Peers, partners, and the workplace
While we often associate bullying and teasing with childhood, appearance-based teasing also plays a role in body image into adulthood. Weight-based and appearance-based teasing have been found to be significantly linked to body dissatisfaction and unhealthy weight control behaviours among adults, though this relationship remains strongest in children and adolescents (61). In addition, how we speak more generally about bodies with friends, partners and peers can affect our body image. One review of the literature found that ‘fat-talk’ – a term given to speaking about our bodies and weight in casual conversation in a way that reinforces traditional body ideals – was significantly associated with body dissatisfaction (62). Concerns about appearance may also negatively affect participation in the workplace, with one survey finding that 17% of women said they would not go to a job interview, and 8% would avoid going to work, if they felt badly about their appearance (63).
Pregnancy and new parenthood
For many, adulthood brings a transition to parenthood. This transition, particularly for women, represents a unique change in body and body image. In our survey, 41% of women who had been pregnant said they felt more negatively about their body image after pregnancy compared to before they were pregnant (23% slightly more negative and 18% much more negative), 12% said they felt more positively about their body image post-pregnancy (7% slightly more positive and 5% much more positive). Many pregnant women report a shift in the way they relate to their bodies across pregnancy, from a focus on appearance to a focus on ability and functionality (64). However, they also report pressure to continue to adhere to traditional bodily ideals, particularly around weight and returning to their pre-pregnancy body shape following childbirth (64). Indeed, reviews of the research have found associations between increased body dissatisfaction, postpartum weight and depressive symptoms during pregnancy and new motherhood (65,66).
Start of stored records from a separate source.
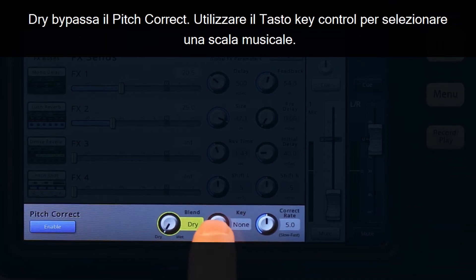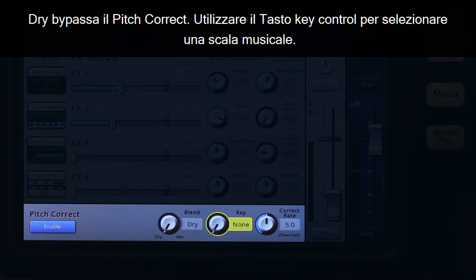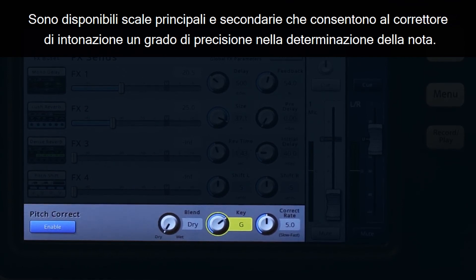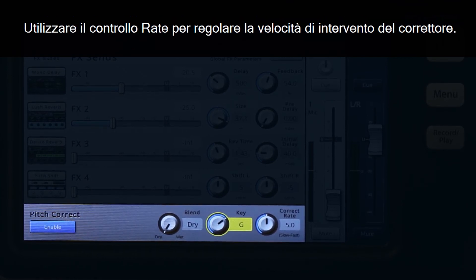Use the key control to select a musical key signature. Both major and minor key signatures are available, allowing the pitch corrector to be more accurate in determining what the intended note is. Use the correct rate control to adjust how quickly the pitch correction tracks.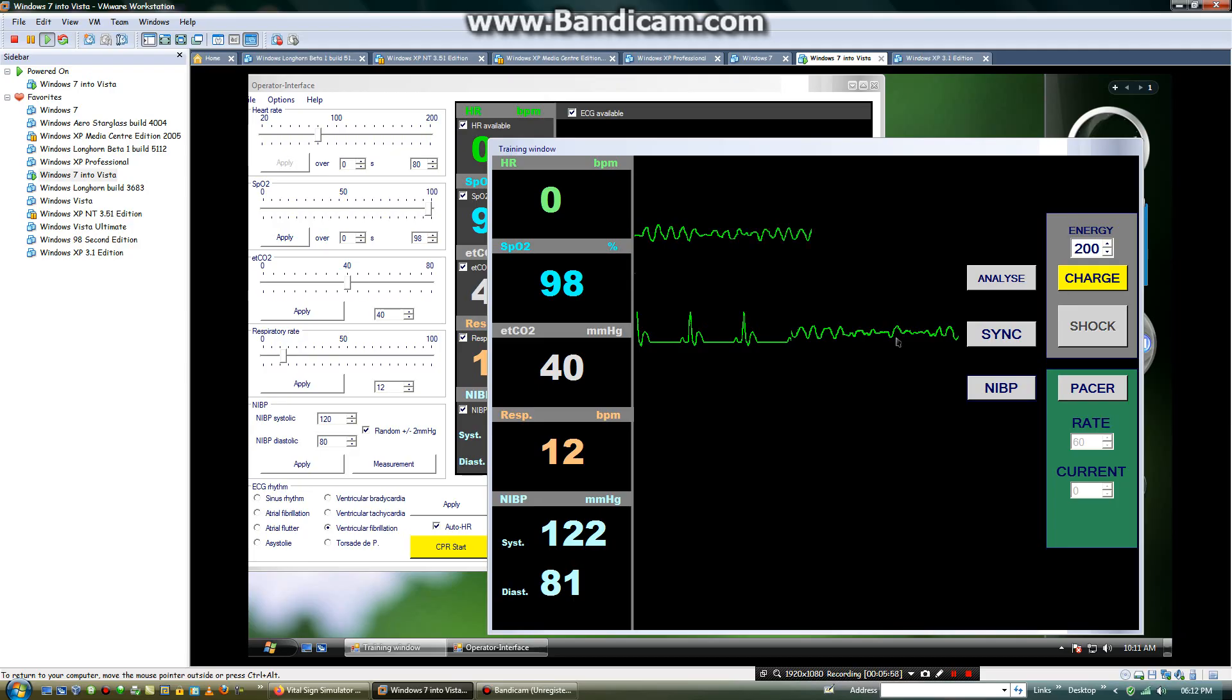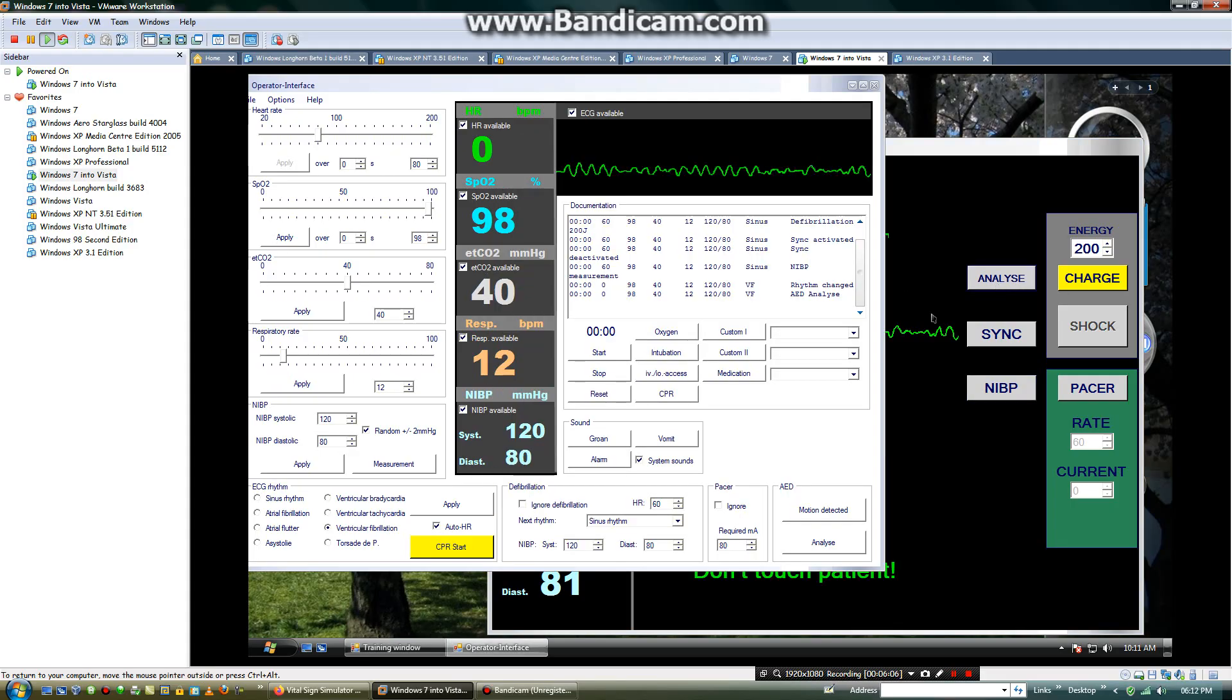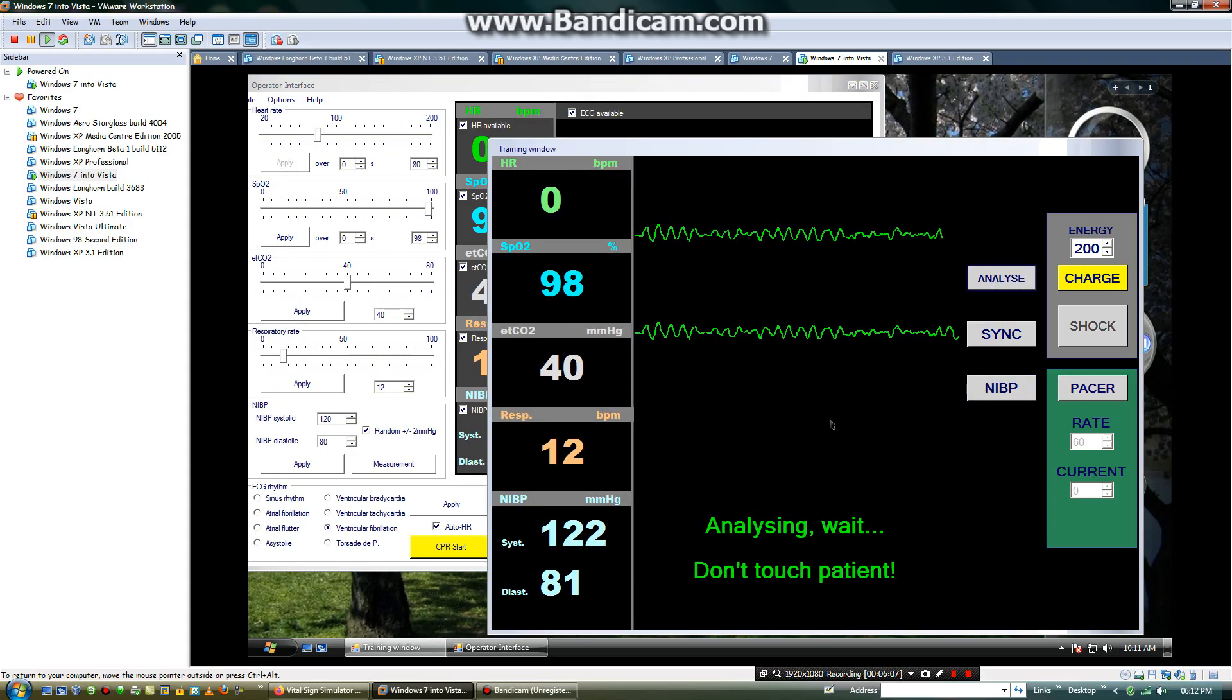Then you will analyze the monitor, I mean the defibrillator. Analyzing now. Stand clear.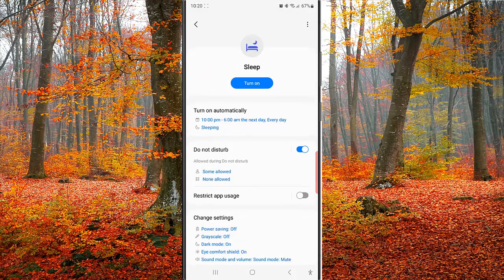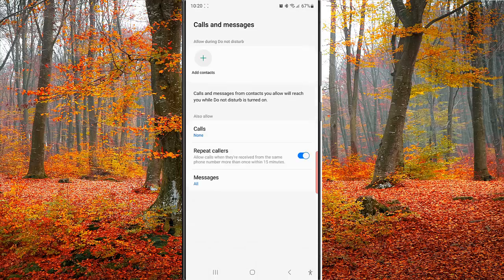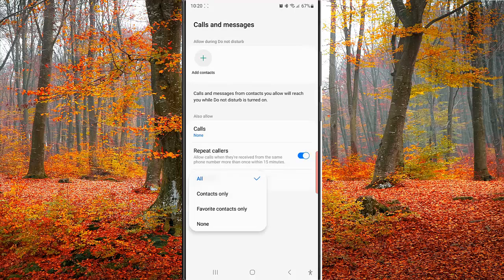Tap D&D and then tap calls and messages. Tap messages and then select contacts only.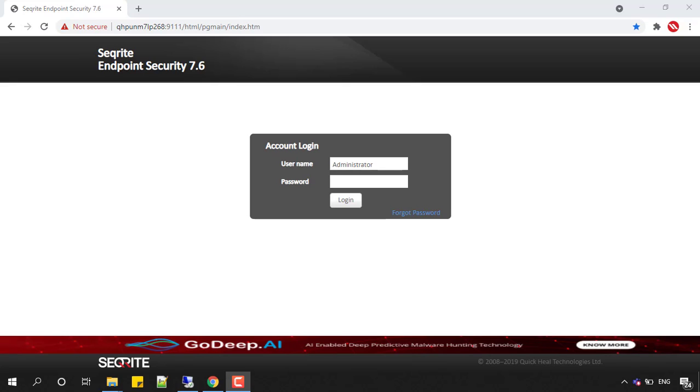Hi all, in this video we are going to see how to reset the Securite web console password. By default we have a username of administrator, but I don't know the password. In this scenario, how will we recover or reset that password?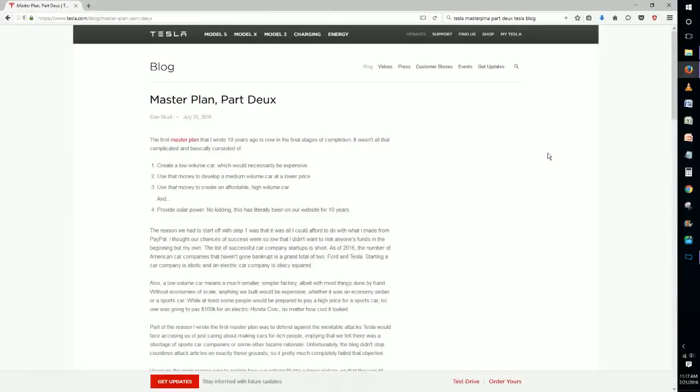Hey guys and welcome back. This is going to be a follow-up video to our first Elon Musk Master Plan Part 2 speculation video.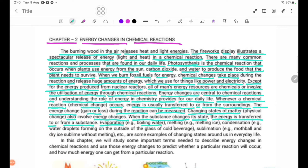Melting — for example, melting ice. Condensation — for example, water droplets forming on the outside of a glass of cold beverage. Sublimation — for example, naphthalene and dry ice subliming without melting, etc.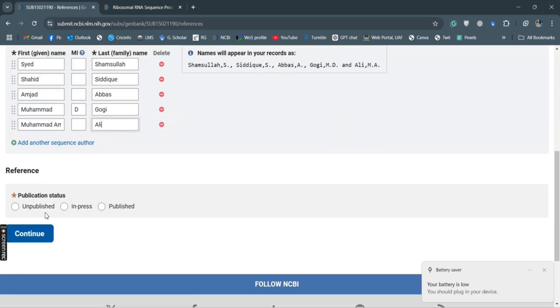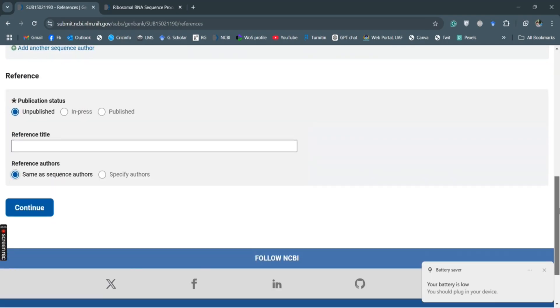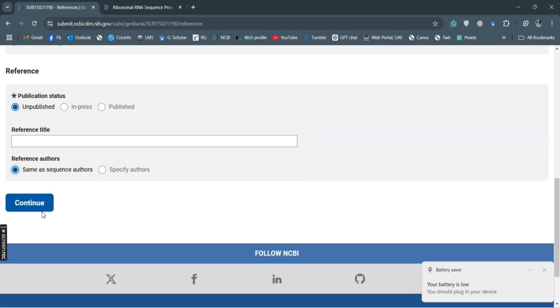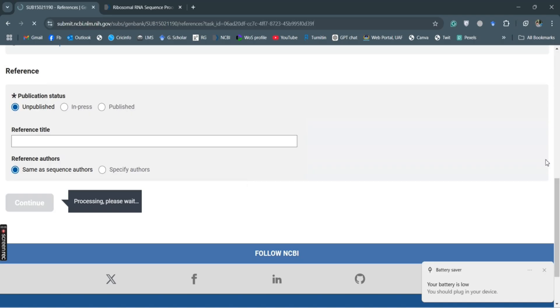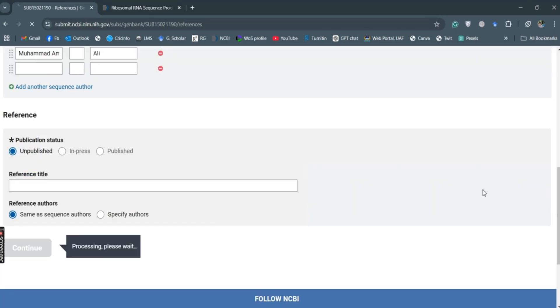This is unpublished and same as sequence authors. So we will continue it and now it will take us to the review and submit page.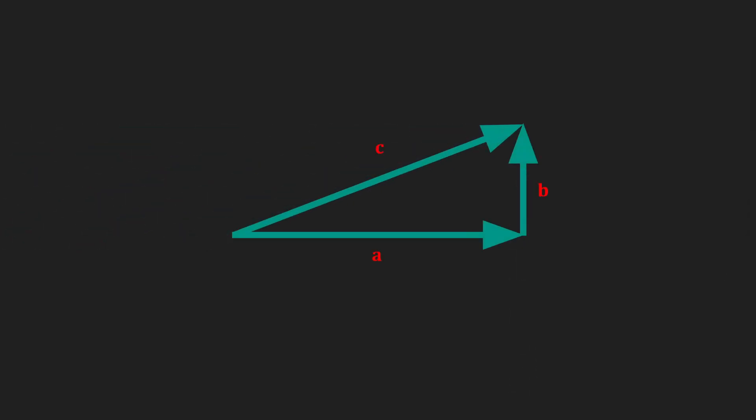Let's first consider a right triangle formed by three vectors a, b, and c. Vector c is the same as adding vector b to vector a.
Body image concerns and body dissatisfaction have been found to be more prevalent among individuals who are overweight or obese (67). This may be due in part to not matching societal ideals of body shape and weight and experiences of appearance-related shaming or stigma. One qualitative study suggests that individuals who are overweight experience both direct discrimination (verbal abuse when out in public) and indirect discrimination (such as more subtle comments and unaccommodating environments) (68). Individuals described this stigma as contributing to emotional distress, causing social isolation and avoidance of situations where they might experience discrimination, including participation in health-promoting activities (68). Indeed, some quantitative research also suggests that experiences of stigma around weight are associated with less uptake of physical activity (69,70).
Studies investigating the impact of various obesity-related public health campaigns found that those campaigns perceived as stigmatising or shaming were received least favourably by recipients, and were no more likely, or in some cases the least likely, to motivate people to change their behaviour. These preferences were the same regardless of the individual’s own body weight (71,72). Campaigns that focused more generally on themes of healthy eating and health-promotion for all adults were received the most positively (71).